February 18, 2020
Authored and Edited by Brooke M. Wilner; Margaret A. Esquenet
“Winning isn’t normal.” That’s the titular quote from author Keith F. Bell’s sports psychology book, the beginning of the book’s most notable passage, and part of a tweet initially posted by a third party and retweeted by Joshua Lifrak, director of the Chicago Cubs’ Mental Skills Program. Based on that retweet, Dr. Bell brought a copyright infringement lawsuit against Mr. Lifrak and the Chicago Cubs. The District Court for the Northern District of Illinois recently denied in part the defendants’ motion to dismiss Dr. Bell’s complaint, allowing the retweet-based lawsuit to continue.
In May 2016, Mr. Lifrak retweeted an allegedly exact copy of “the WIN passage,” taken from Dr. Bell’s book, Winning Isn’t Normal, without attributing its content to Dr. Bell. The author sued, alleging that Mr. Lifrak had directly infringed his copyright and that the Cubs had committed contributory copyright infringement and were vicariously liable for Mr. Lifrak’s infringement. The defendants moved to dismiss Dr. Bell’s complaint for failure to state a claim.
On February 4, 2020, the court issued a mixed opinion. First, the court denied the defendants’ motion to dismiss the direct infringement claim against Mr. Lifrak because it was unclear whether retweeting creates a copy of the content on the user’s computer. The court explained that defendants may be liable for direct infringement if their conduct creates a new electronic copy of copyrighted material—but are not liable if they simply link to the original copy. Based on Dr. Bell’s original complaint, which stated that a copy of the retweet existed on servers controlled by the defendant, the court could not find that the defendants had definitively not created an additional copy.

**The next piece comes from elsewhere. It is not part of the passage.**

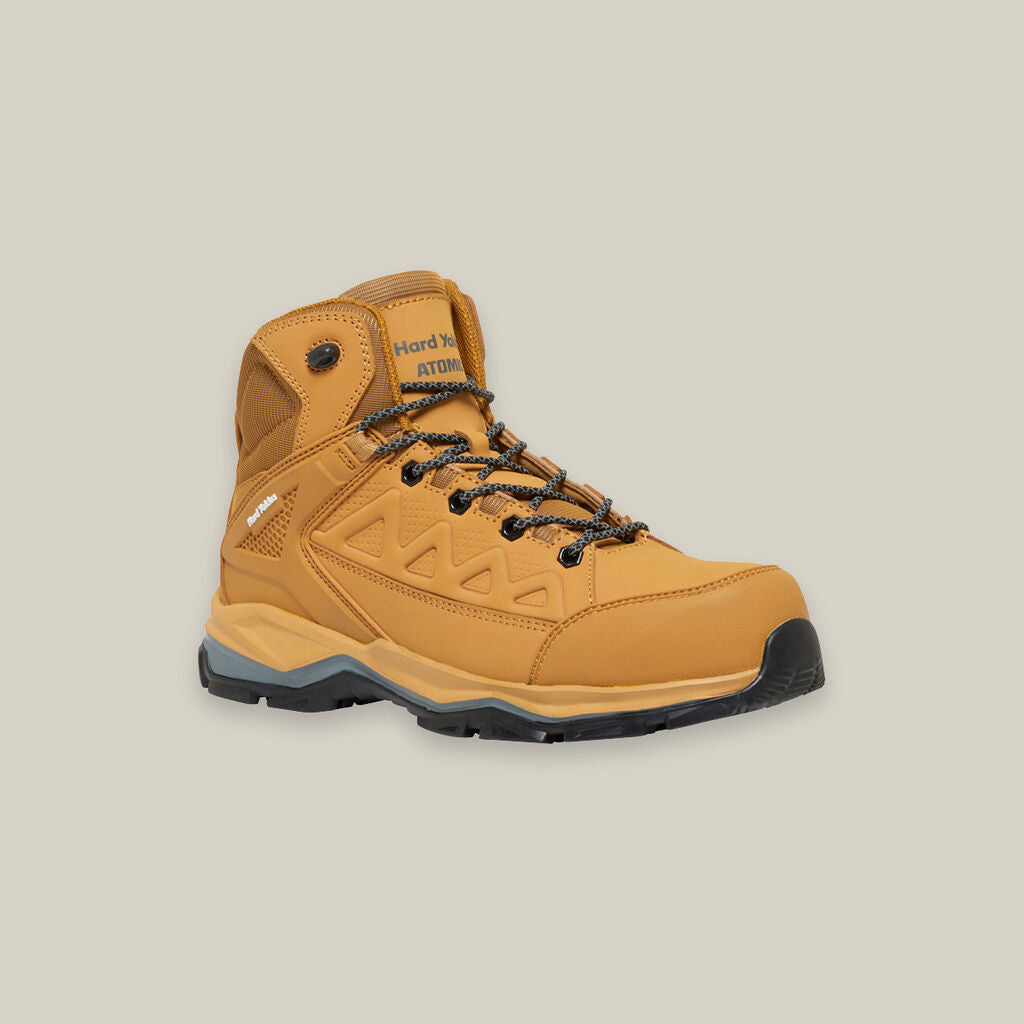 Hard Yakka - Atomic Hybrid Lace Up & Side Zip Safety Boot (Wheat)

However, the court granted the defendants’ motion to dismiss the contributary copyright infringement claim. The court found that Dr. Bell did not allege any plausible facts that suggested that the Cubs had actual knowledge of the allegedly infringing activity. Rather, the retweet itself did not attribute the quote to Dr. Bell; the Cubs could thus not have known that it infringed Dr. Bell’s copyright. And Dr. Bell did not give either defendant notice of the allegedly infringing conduct prior to filing suit.

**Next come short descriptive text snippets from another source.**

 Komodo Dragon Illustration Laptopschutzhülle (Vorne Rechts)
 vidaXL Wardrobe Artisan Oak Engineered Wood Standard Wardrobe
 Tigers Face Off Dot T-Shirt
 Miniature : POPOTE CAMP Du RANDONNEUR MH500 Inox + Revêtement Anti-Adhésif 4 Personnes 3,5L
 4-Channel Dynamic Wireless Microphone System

Dr. Bell was more successful in his claim for vicarious liability against the Cubs. That claim required Dr. Bell to prove two elements: first, that the Cubs had the right and ability to supervise the infringing conduct; and second, that the Cubs had a direct financial interest in that conduct. The court found that the complaint, which alleged that the Cubs had the right to police Mr. Lifrak’s personal social media presence, had sufficiently pled the supervision element. The complaint further alleged that the Cubs had a direct financial interest in Mr. Lifrak’s tweets because his social media presence increased the exposure of the Cubs. The court found these allegations minimally sufficient and thus denied the motion to dismiss.
Although the court allowed most of Dr. Bell’s suit to continue, it expressed skepticism about his claims. The court warned, for example, that the complaint’s assertion that a copy of the retweet remained on servers controlled by the defendants may turn out to be factually inaccurate. The court also questioned whether the plaintiff would be able “to marshal any actual evidence” that the individual retweet resulted in direct financial gain to the Cubs. And even if that assertion is factually true and the plaintiff gathers evidence showing direct financial gain, the court noted that it may be difficult for Dr. Bell to “ever be able to establish knowledge or willfulness,” which would be required to support a claim for more than the $200 minimum statutory damages under 17 U.S.C. § 504(c)(2).
The decision is Bell v. Chi. Cubs Baseball Club, LLC, No. 19-cv-2386, 2020 U.S. Dist. LEXIS 17527 (N.D. Ill. Feb. 4, 2020).